I am a recovering critique-a-holic. I have critiqued myself and others all my life and it wasn’t until recently that I realized the depth of the problem.
Critiquing myself and others always instilled in me a sense of pride. It gave me the feeling that I was not going to settle for anything less than perfection; I was pushing myself and others to greatness. To not critique was to settle, which in my world was to fail.
As a child, I never settled. In my teens, I volunteered to work with children with disabilities every year; got a job, or jobs, every summer; got a scholarship to high school and to colleges; worked hard to get As in all my advanced classes; went to Georgetown, a top-notch college; and worked hard to get good grades, participate in extracurricular activities and work.
Ultimately I never took more than a moment during all that time to really tell myself great job, and feel fully a sense of satisfaction at achieving. Almost immediately I would begin to compare and contrast how it wasn’t the best scholarship; or I missed one answer; or that was nice but I haven’t reached goal X yet. Friends, families and strangers were not immune from the critiquing, but I was a little easier on them than on myself. From time to time I had a sense that “this isn’t healthy”, but I dove back in because it had become such a habit that it was almost impossible to break.
Well I am breaking it.
Finally after almost 40 years (yes this mentality started early), I am looking back on my life and praising myself. I did well. I achieved. I have touched lives in a positive way. But it is a struggle every day to not fall back into a well developed habit of critiquing. I have to force myself daily to praise myself and others.
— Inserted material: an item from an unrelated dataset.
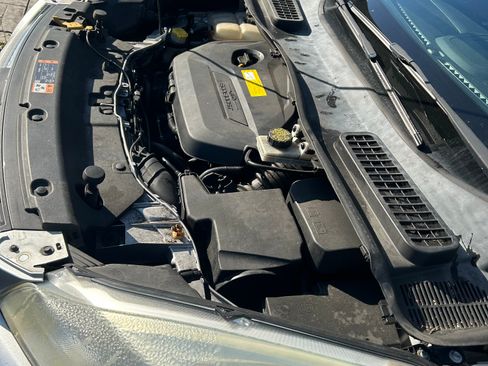 Used 2016 Ford Escape SE w/ Equipment Group 201A image 2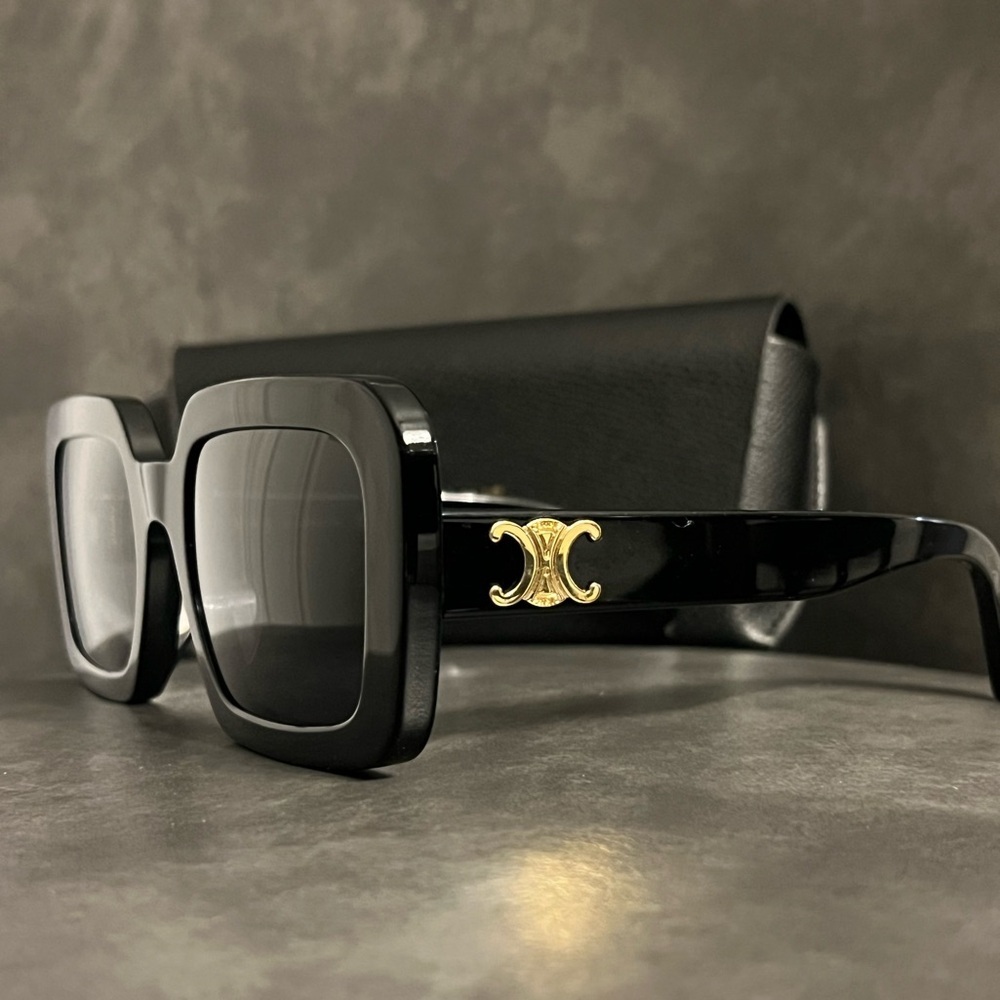 Celine Triomphe Sunglasses Black CL40304U-01A Gold Logo NWT - Picture 9 of 14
Some might say this is happiness, others will say it is positive thinking, and some might say “Finally she is less bitchy.” To me it is relief. To me it is the right way to live life – to try hard, to say good job, to really mean it, and to be satisfied – that deep in your gut kind of satisfaction. Remember ultimately it is about the journey not the goal. With every honest step we take moving forward in life, as parents, as employees, as individuals, we need to revel in the greatness that is already “you” and not tarnish that with constant criticism.